Thursday, October 30, 2025

The next new thing - Ahead-of-Time compilation, native AOT

The newest and coolest thing in compiler technology today is AOT — ahead-of-time compilation.

I just wrapped up a round of upgrades and refactors in the lastest release of my Xecrets Ez app at https://www.axantum.com/, which now uses AOT for the command-line backend on Windows.

Small footprint, fast startup, lower memory pressure. Great stuff!

Why didn’t we think of this before?

Well… we did.

In 1957, the first optimizing Fortran compiler was released. Back then it was simply called a compiler — it was the first of its kind — but yes, it was AOT. See https://web.stanford.edu/class/archive/cs/cs339/cs339.2002/fortran.pdf for an interesting article about it.

Then came P-code, bytecode, and IL-code: intermediate representations for no specific hardware, interpreted on the target machine by an interpreter.

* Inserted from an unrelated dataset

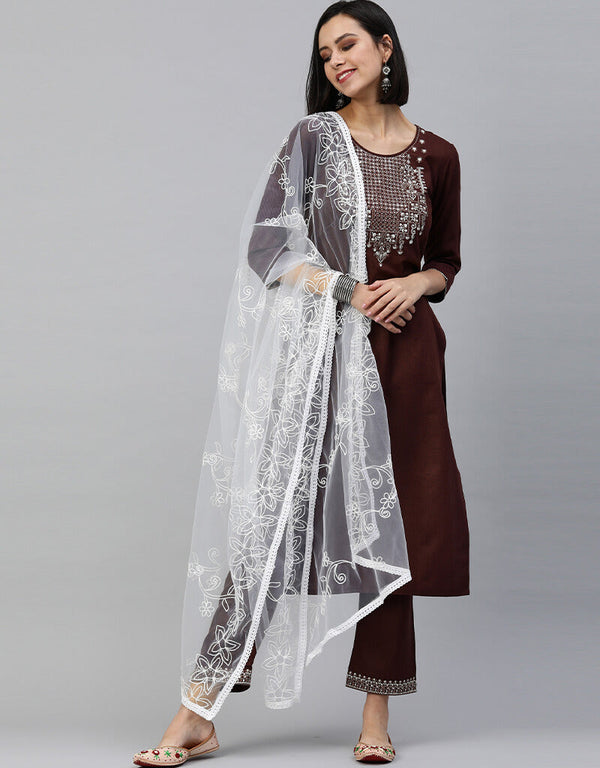 Dark Brown Cotton Blend Mirror Work With Zari Embroidery Suit Pant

The upside was clear — compile once, run anywhere, with smaller binaries.

The downside? Slow. And everyone wants speed, speed, and more speed.

So we started compiling the bytecode or IL on the target instead of interpreting it. Thus JIT, just-in-time compilation, was born.

But JIT had its own issues — startup latency, memory overhead, and complexity. So we needed to fix that too.

And someone said, “Hey, what if we just… compiled everything from the start?” Brilliant! We’ll call it AOT instead of JIT.

And here we are. The circle closes — for now. I’m already curious about what the next turn of the wheel of time will bring.